Multiprocessing raises issues that can have adverse effects on scaling the performance. It tends to cause extra traffic on all the interconnecting paths between memory and processors. The overhead traffic rises as the number of processors increases. It can ruin scalability at its worst. For example, designers resort to cache memory to boost performance. A multiprocessor generates extra traffic to keep the cache coherent. The overhead traffic is needed to maintain consistent values across private processor caches holding the same memory blocks. It gets worse as more processors connect, to the extent that it could reduce multiprocessing returns seriously. A clever cache protocol may help decrease overhead coherence traffic but can not eliminate it.

Even if designers restrain architectural overheads, such as those discussed above, there is still a legitimate increase in overhead traffic due to computation-related communication among processors, some of which may be due to poor parallelization, but most stem from workload characteristics. For example, some workloads may cause unusually high cache traffic, which, in turn, raises the parasitic part needed to maintain coherence. The workload communication overhead traffic also rises with the number of processors. It may reach a point where it could diminish multiprocessing returns or even reverse gains from parallelism in some cases. This overhead varies depending on workload type. Different architectures work better for some workloads than others. Optimizing a multiprocessor for some workload types may not work for all workloads of interest.

Communication overhead, therefore, always remains a concern.

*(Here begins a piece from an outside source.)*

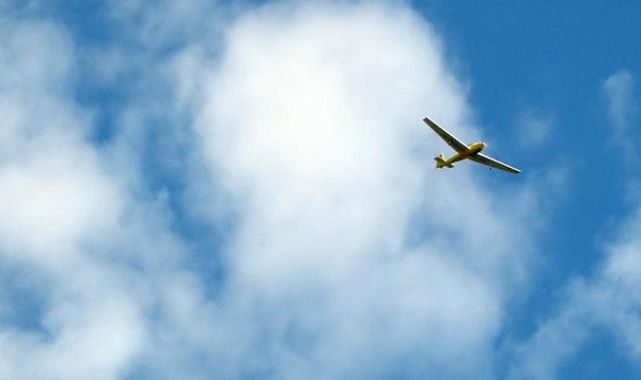 Almanya'da küçük uçak düştü, 2 kişi yaralandı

It is one of the main challenges for scalable multiprocessing. A good part of the concern is finding better tradeoffs between computation and communication. To close, note the following. We fully expect interprocessor communication to rise in a parallel workload with processor count. That would not be a problem as long as it scales up without diminishing the linear scaling of performance. It is the rate at which it increases that causes concern. Also, there are other challenges to scalability, such as balancing loads among processors. They pose comparable difficulties. We focused on cache coherence to illustrate the main points.

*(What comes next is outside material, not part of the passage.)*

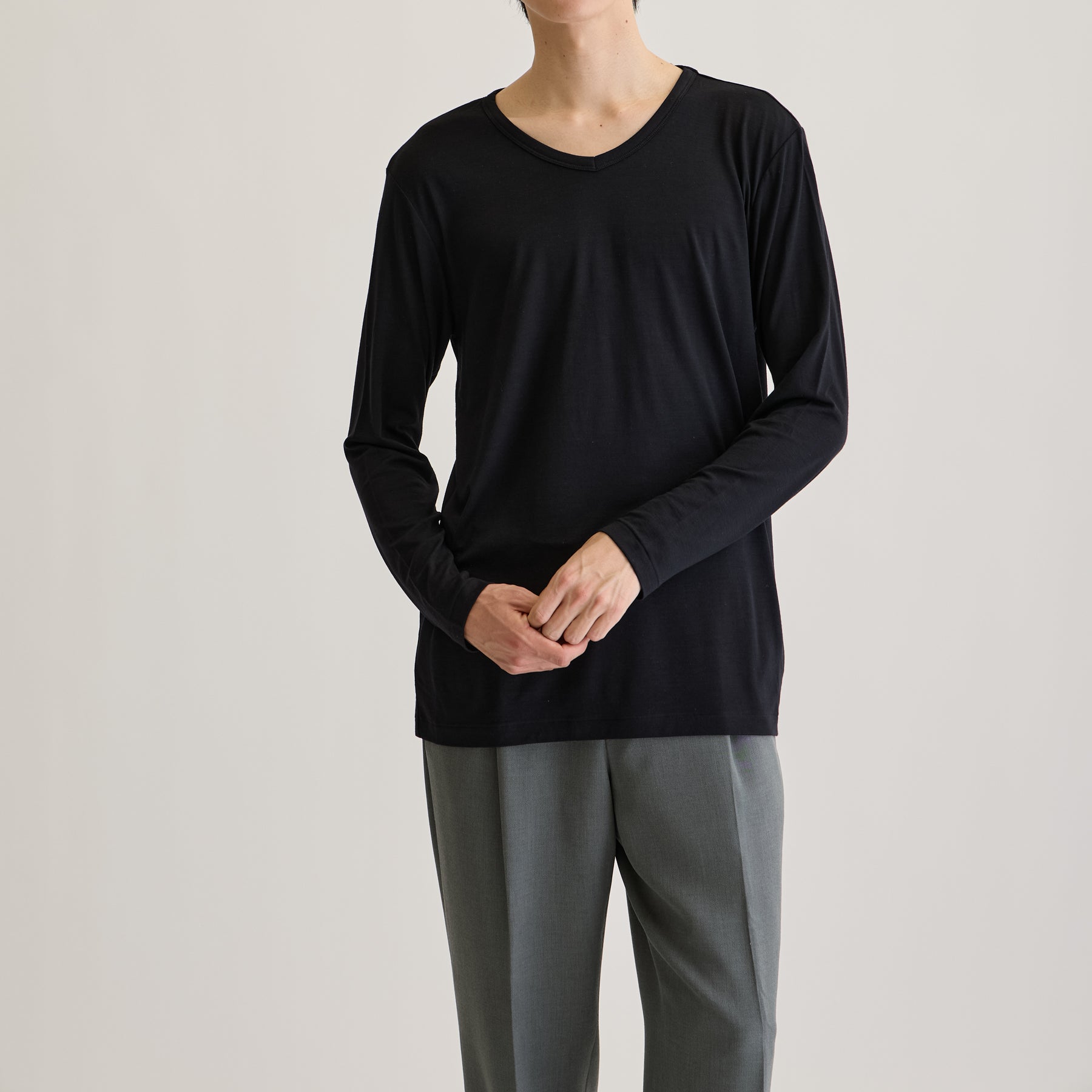 MEN'S メリノウール100%天竺 Vネック長袖Tシャツ, ブラックのモデル着用画像（前）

A Multiprocessor of a Different Kind

A modern GPU (graphics processing unit) is an example of a massively parallel multiprocessor. Its architectural roots date to machines such as the MasPar series of the 1990s and the MPP from 1980-82. This design connects an array of an enormous number of tiny processors, in the order of hundreds or thousands, to a high-bandwidth shared memory. Each array processing element (PE) may be very limited in power compared to a conventional CPU, but much more may be available. Interconnections emphasize fast, low-latency communications with minimal overheads. Parallelism occurs at the level of tiny tasks and is, thus, thought to be fine-grained. The multiprocessor may rely on a conventional (host) processor to provide a familiar front-end operating, programming, and I/O environment.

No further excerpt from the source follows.